11.3757 · Motion · 2011-07-05
Département des finances
Liquidé
Wortlaut
Le Conseil fédéral est chargé d'élaborer une nouvelle réglementation relative à la prise en charge obligatoire des frais occasionnés par l'engagement d'un chargé d'enquête selon l'article 36 de la loi sur l'Autorité fédérale de surveillance des marchés financiers. L'art. 36, al. 4, est modifié de sorte que les frais d'enquête ne soient pris en charge par l'assujetti que si les soupçons pesant sur lui sont confirmés.
Une minorité (Leutenegger Oberholzer, Kiener Nellen, Rennwald, Schelbert, Thorens Goumaz) propose le rejet de la motion.
Antrag des Bundesrates
Le Conseil fédéral propose de rejeter la motion.
Stellungnahme des Bundesrates
En vertu de l'art. 36, al. 1, de la loi du 22 juillet 2007 sur la surveillance des marchés financiers (LFINMA ; RS 956.1), la FINMA peut charger un spécialiste indépendant (chargé d'enquête) d'effectuer une enquête dans l'établissement d'un assujetti pour élucider un fait relevant de la surveillance ou pour mettre en oeuvre les mesures de surveillance qu'elle a ordonnées. L'instrument de surveillance que représente le chargé d'enquête n'est donc pas utilisé uniquement en cas de soupçon d'infraction à la loi relevant de la surveillance, mais de manière régulière, pour élucider des faits complexes relevant du droit de la surveillance. Ainsi, l'introduction de l'article 36 LFINMA a notamment entraîné le remplacement de l'instrument de la révision extraordinaire réservé jusqu'alors aux sociétés d'audit (art. 23bis aLB).
Le législateur a prévu à l'art. 36, al. 4, LFINMA une obligation uniforme de prise en charge des coûts par les assujettis concernés pour tout engagement d'un chargé d'enquête. Lors de l'engagement d'un chargé d'enquête en cas de soupçon d'infraction à la loi relevant de la surveillance, l'obligation de prise en charge des coûts existe également si, malgré des indices objectifs, le soupçon initial fondé n'est pas vérifié dans le cadre de l'enquête. Cette réglementation est conforme à la jurisprudence du Tribunal fédéral (cf. arrêt du Tribunal fédéral du 11 novembre publié dans le bulletin CFB 22/1992, p. 53) ainsi qu'au principe de causalité ou au principe du perturbateur.
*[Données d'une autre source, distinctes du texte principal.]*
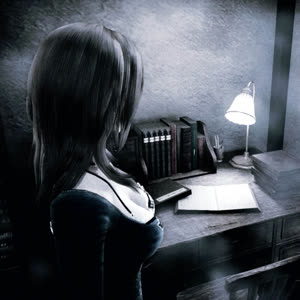 Source: profile picture from 2025-06-05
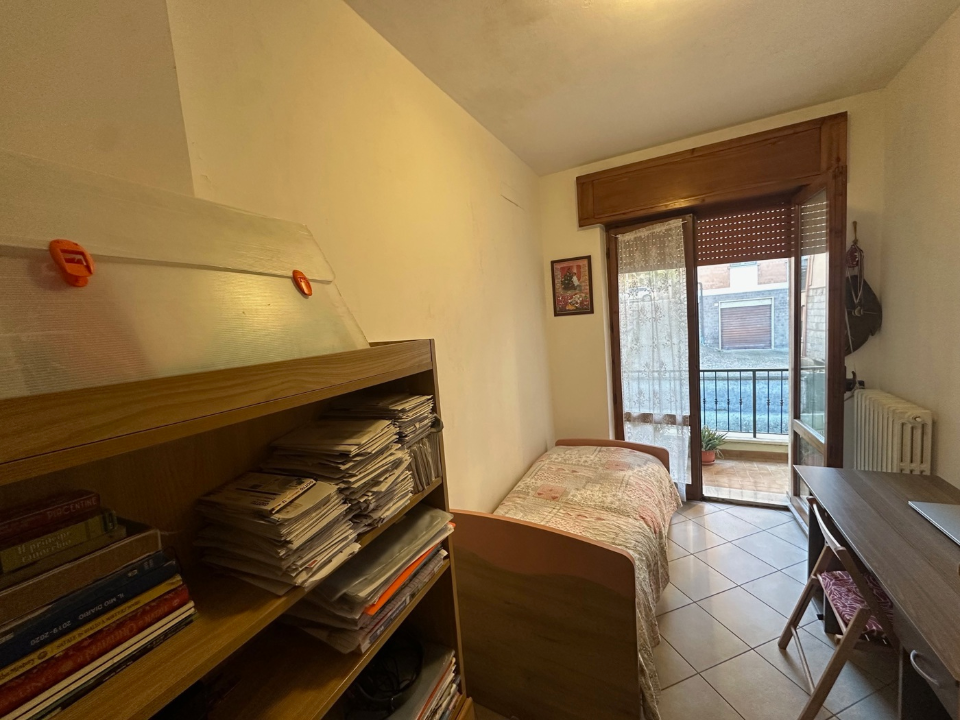 Appartamento - Image 12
La réglementation des coûts proposée par les auteurs de la motion aurait pour conséquence que ce ne serait plus l'assujetti à l'origine de l'engagement d'un chargé d'enquête et donc des coûts afférents qui serait mis à contribution. Une telle solution serait inappropriée. Le montant des coûts concrets occasionnés dépend en outre considérablement de la volonté de collaborer des assujettis concernés. Si les milieux intéressés refusaient de se conformer scrupuleusement à leur obligation de renseigner et de collaborer, tous les assujettis devraient alors assumer les coûts élevés résultant de cette attitude.
Enfin, il convient de relever que l'assujetti concerné peut faire procéder à l'examen judiciaire de la décision de la FINMA de mandater un chargé d'enquête et donc de l'existence d'indices suffisants pour justifier une telle mesure. Cette procédure s'applique également à la décision finale de la FINMA, qui se base sur les conclusions du chargé d'enquête et fixe notamment la prise en charge définitive des coûts. Les intérêts de l'assujetti concerné sont donc suffisamment protégés.
Le Conseil fédéral propose de rejeter la motion.